Problem –
Make an exact copy of every entry, leaving the pictures out.

● ● ● ●

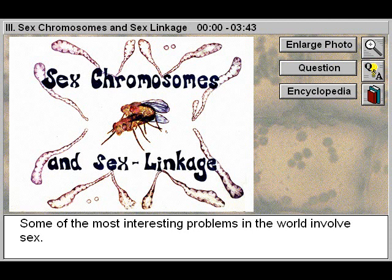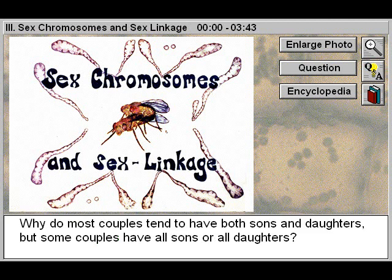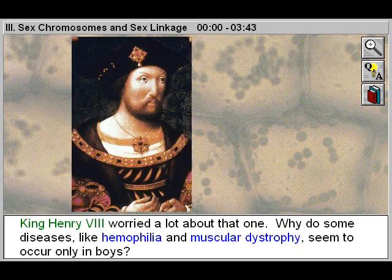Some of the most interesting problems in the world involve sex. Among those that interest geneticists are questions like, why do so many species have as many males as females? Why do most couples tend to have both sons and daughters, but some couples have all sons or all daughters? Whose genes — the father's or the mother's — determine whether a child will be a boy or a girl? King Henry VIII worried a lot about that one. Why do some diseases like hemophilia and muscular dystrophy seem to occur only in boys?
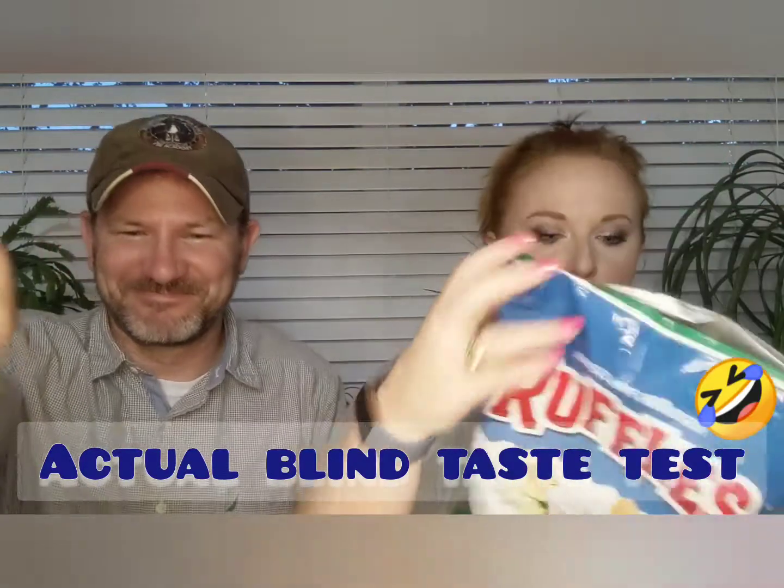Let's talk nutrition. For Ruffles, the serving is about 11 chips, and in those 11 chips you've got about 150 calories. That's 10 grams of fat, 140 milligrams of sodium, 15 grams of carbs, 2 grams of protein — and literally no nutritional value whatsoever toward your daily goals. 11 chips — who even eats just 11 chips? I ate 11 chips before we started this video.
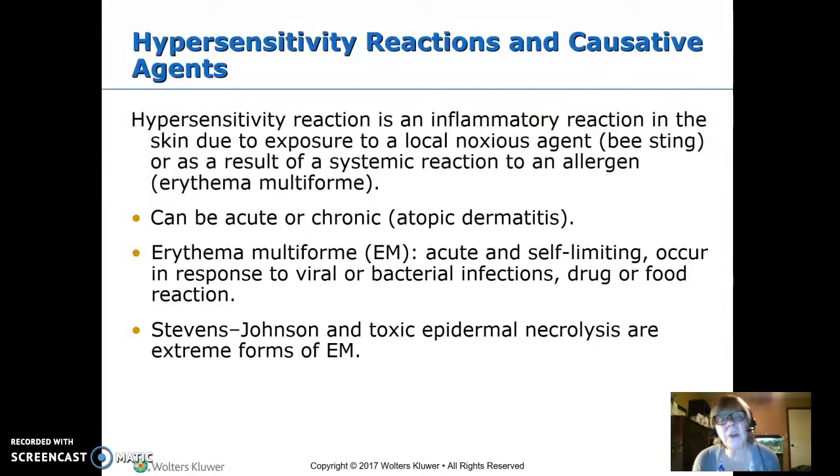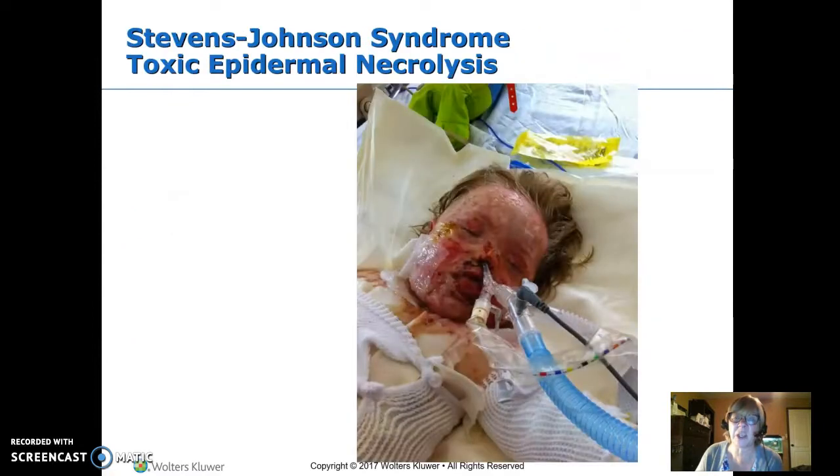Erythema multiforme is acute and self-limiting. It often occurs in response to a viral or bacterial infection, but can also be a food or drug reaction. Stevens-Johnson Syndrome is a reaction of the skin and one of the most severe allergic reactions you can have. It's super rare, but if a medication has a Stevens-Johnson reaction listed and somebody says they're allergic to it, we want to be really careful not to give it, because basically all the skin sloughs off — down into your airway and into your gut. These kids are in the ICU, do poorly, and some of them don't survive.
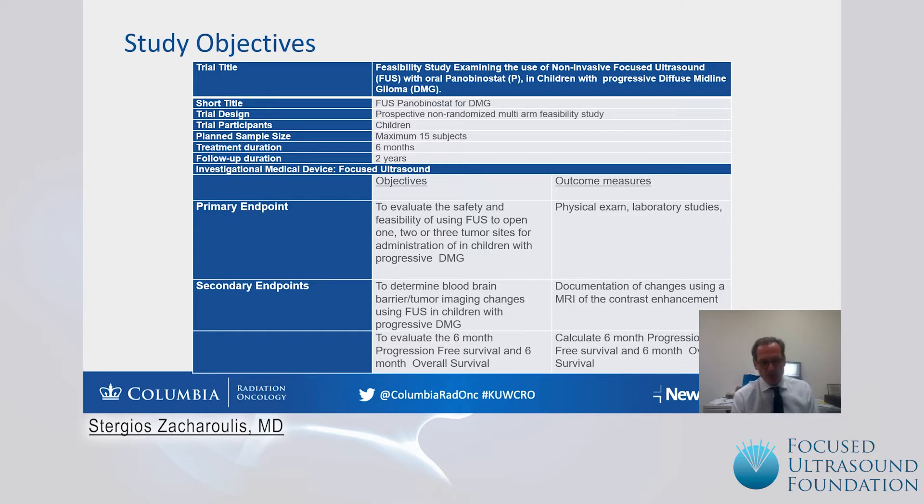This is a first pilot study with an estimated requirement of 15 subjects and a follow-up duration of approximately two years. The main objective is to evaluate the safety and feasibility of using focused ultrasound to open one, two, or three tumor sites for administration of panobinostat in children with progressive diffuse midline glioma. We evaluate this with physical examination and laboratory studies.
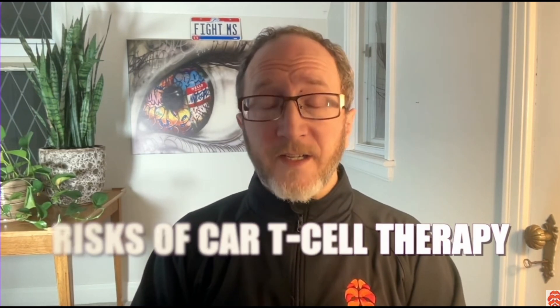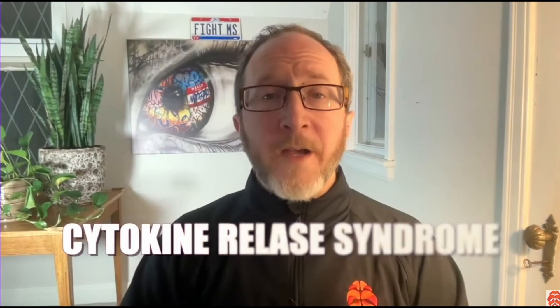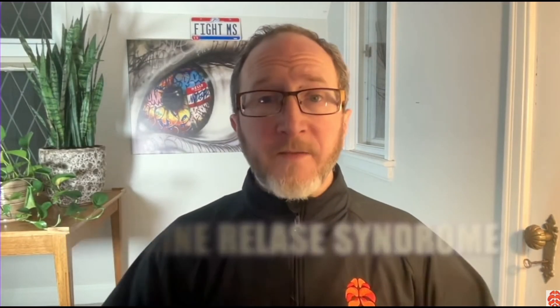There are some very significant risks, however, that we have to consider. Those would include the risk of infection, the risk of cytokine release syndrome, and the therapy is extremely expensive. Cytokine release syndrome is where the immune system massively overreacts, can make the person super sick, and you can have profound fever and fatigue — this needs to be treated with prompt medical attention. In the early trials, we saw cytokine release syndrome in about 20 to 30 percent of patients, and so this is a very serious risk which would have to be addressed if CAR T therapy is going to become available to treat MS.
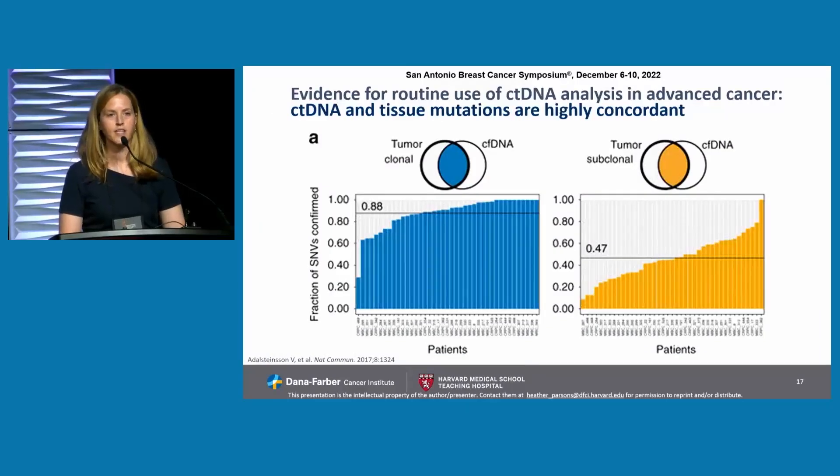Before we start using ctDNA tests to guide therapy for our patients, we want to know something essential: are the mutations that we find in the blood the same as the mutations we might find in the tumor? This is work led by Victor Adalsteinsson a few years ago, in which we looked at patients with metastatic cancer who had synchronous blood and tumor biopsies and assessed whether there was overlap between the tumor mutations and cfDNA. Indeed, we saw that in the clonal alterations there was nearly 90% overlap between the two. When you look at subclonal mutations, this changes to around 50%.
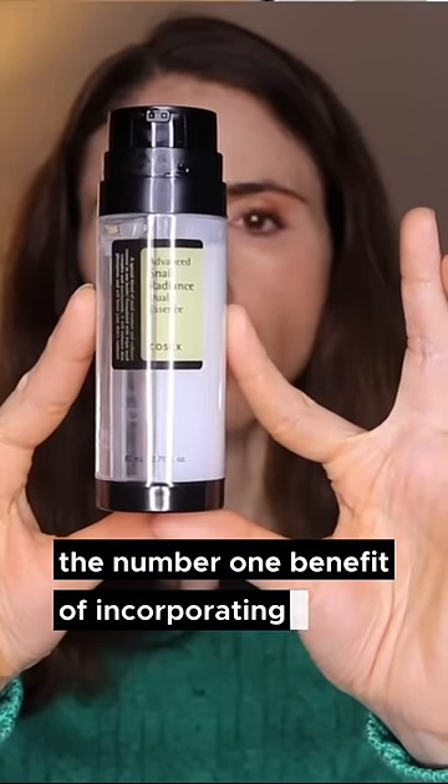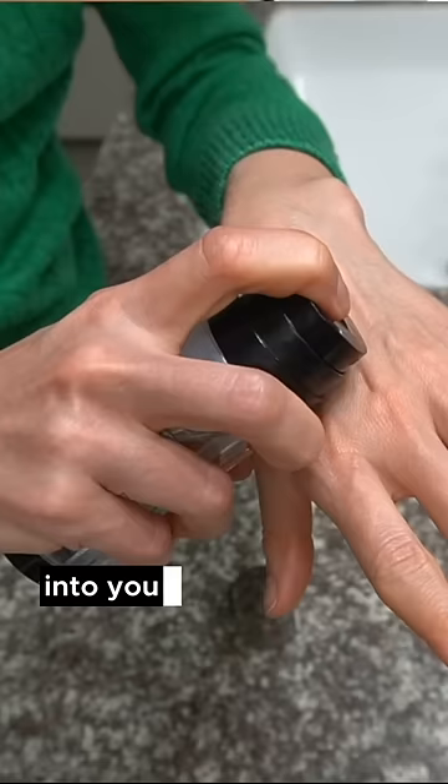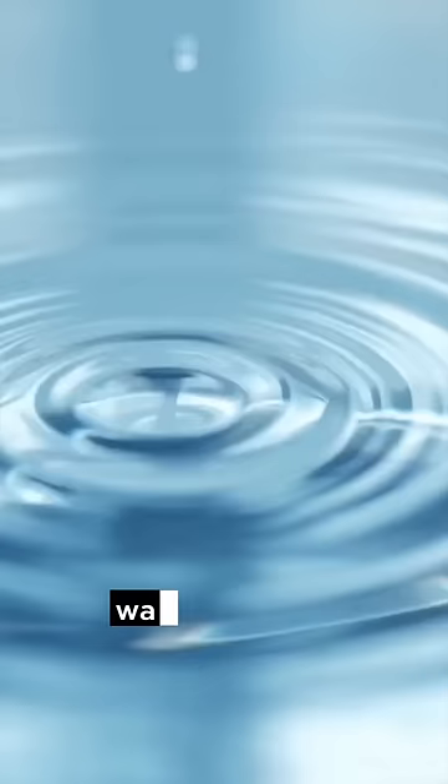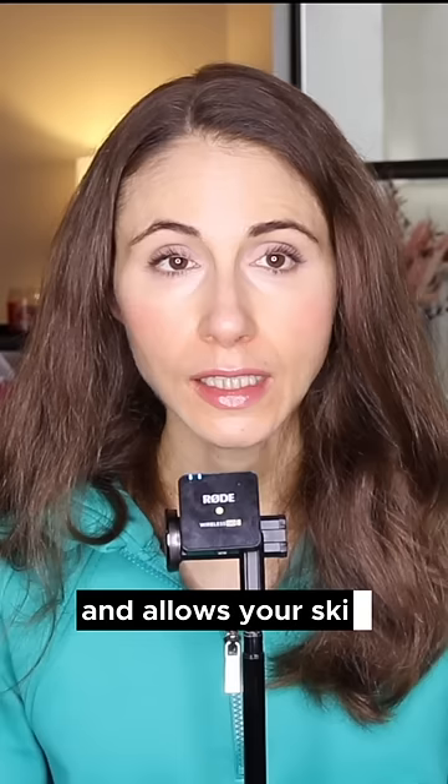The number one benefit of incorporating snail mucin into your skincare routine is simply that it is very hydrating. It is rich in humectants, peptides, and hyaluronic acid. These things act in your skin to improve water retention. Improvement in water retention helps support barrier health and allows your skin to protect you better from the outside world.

● ● ● ●

Solution for this problem –
Some of the most interesting problems in the world involve sex. Among those that interest geneticists are questions like, why do so many species have as many males as females? Why do most couples tend to have both sons and daughters, but some couples have all sons or all daughters? Whose genes — the father's or the mother's — determine whether a child will be a boy or a girl? King Henry VIII worried a lot about that one. Why do some diseases like hemophilia and muscular dystrophy seem to occur only in boys?
Let's talk nutrition. For Ruffles, the serving is about 11 chips, and in those 11 chips you've got about 150 calories. That's 10 grams of fat, 140 milligrams of sodium, 15 grams of carbs, 2 grams of protein — and literally no nutritional value whatsoever toward your daily goals. 11 chips — who even eats just 11 chips? I ate 11 chips before we started this video.
Erythema multiforme is acute and self-limiting. It often occurs in response to a viral or bacterial infection, but can also be a food or drug reaction. Stevens-Johnson Syndrome is a reaction of the skin and one of the most severe allergic reactions you can have. It's super rare, but if a medication has a Stevens-Johnson reaction listed and somebody says they're allergic to it, we want to be really careful not to give it, because basically all the skin sloughs off — down into your airway and into your gut. These kids are in the ICU, do poorly, and some of them don't survive.
This is a first pilot study with an estimated requirement of 15 subjects and a follow-up duration of approximately two years. The main objective is to evaluate the safety and feasibility of using focused ultrasound to open one, two, or three tumor sites for administration of panobinostat in children with progressive diffuse midline glioma. We evaluate this with physical examination and laboratory studies.
There are some very significant risks, however, that we have to consider. Those would include the risk of infection, the risk of cytokine release syndrome, and the therapy is extremely expensive. Cytokine release syndrome is where the immune system massively overreacts, can make the person super sick, and you can have profound fever and fatigue — this needs to be treated with prompt medical attention. In the early trials, we saw cytokine release syndrome in about 20 to 30 percent of patients, and so this is a very serious risk which would have to be addressed if CAR T therapy is going to become available to treat MS.
Before we start using ctDNA tests to guide therapy for our patients, we want to know something essential: are the mutations that we find in the blood the same as the mutations we might find in the tumor? This is work led by Victor Adalsteinsson a few years ago, in which we looked at patients with metastatic cancer who had synchronous blood and tumor biopsies and assessed whether there was overlap between the tumor mutations and cfDNA. Indeed, we saw that in the clonal alterations there was nearly 90% overlap between the two. When you look at subclonal mutations, this changes to around 50%.
The number one benefit of incorporating snail mucin into your skincare routine is simply that it is very hydrating. It is rich in humectants, peptides, and hyaluronic acid. These things act in your skin to improve water retention. Improvement in water retention helps support barrier health and allows your skin to protect you better from the outside world.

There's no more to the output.